We spendeerden er enkele uren en het was vooral de honger die ons iets sneller een einde deed maken aan ons bezoek. Nadat we de inwendige mens hadden versterkt, niet direct een probleem in Leuven, trokken we naar onze volgende bestemming: het stadhuis.
De gids was uitermate vriendelijk en deed erg zijn best om de toelichting in twee talen te geven maar het Engels was toch ietwat bedenkelijk van kwaliteit en maakte het blijven luisteren soms wat vermoeiend (al kan dat ook aan een middagdip gelegen hebben). Het gebouw an sich was wel de moeite om eens te kunnen bekijken (en is enkel toegankelijk met gids trouwens).
Als laatste onderdeel van ons toeristenticket trokken we nog naar de universiteitsbibliotheek waar we de toren gingen beklimmen. We hadden maar een half uurtje meer voor sluitingstijd en dus werd het een bezoek op een drafje. Maar op een drafje een draaitrap naar boven en naar beneden nemen, dat bleek nog niet zo vanzelfsprekend. Eens bovengekomen was het even naar adem happen en ietwat onvast op de benen (al helemaal omdat er toch wel een stevige bries om de hoek kwam gewaaid), maar toch nog goed genoeg om te genieten van de omgeving en het uitzicht. Dan snel weer naar beneden en helaas geen tijd meer om de tentoonstelling te bekijken die ook hier was opgebouwd naar aanleiding van de honderdjarige herdenking van Wereldoorlog I. Voor we het gebouw verlieten, gingen we nog even piepen in de bibliotheekzaal waar menig student naarstig zat te blokken voor zijn/haar tweede zit. Het riep toch enkele herinneringen op aan onze eigen studententijd in Gent (maar toch ook wel blij dat wij niet meer moesten zwoegen op dikke boeken en cursussen).

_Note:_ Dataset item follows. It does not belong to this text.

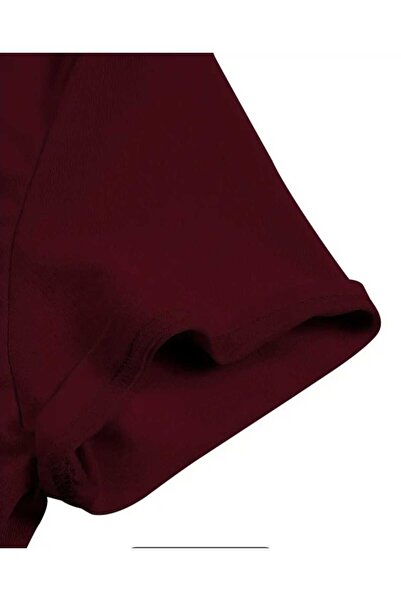 ORVIO Group Men's T-Shirt with a Modern and Simple Design {Z}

Na nog een terrasje besloten we nog even de stad te doorkruisen om de fameuze ‘balk van Beel’ eens in werkelijkheid te gaan aanschouwen. Ondanks alle lovende artikels over het bouwwerk waren wij niet onverdeeld enthousiast. We vonden het gebouw niet helemaal tot zijn recht komen in de omgeving enerzijds en waren ook niet zo dol op de materiaalkeuze anderzijds. Smaken verschillen echter en we hadden zeker geen spijt van onze wandeling want de architectuur in deze wijk was zeker boeiend te noemen.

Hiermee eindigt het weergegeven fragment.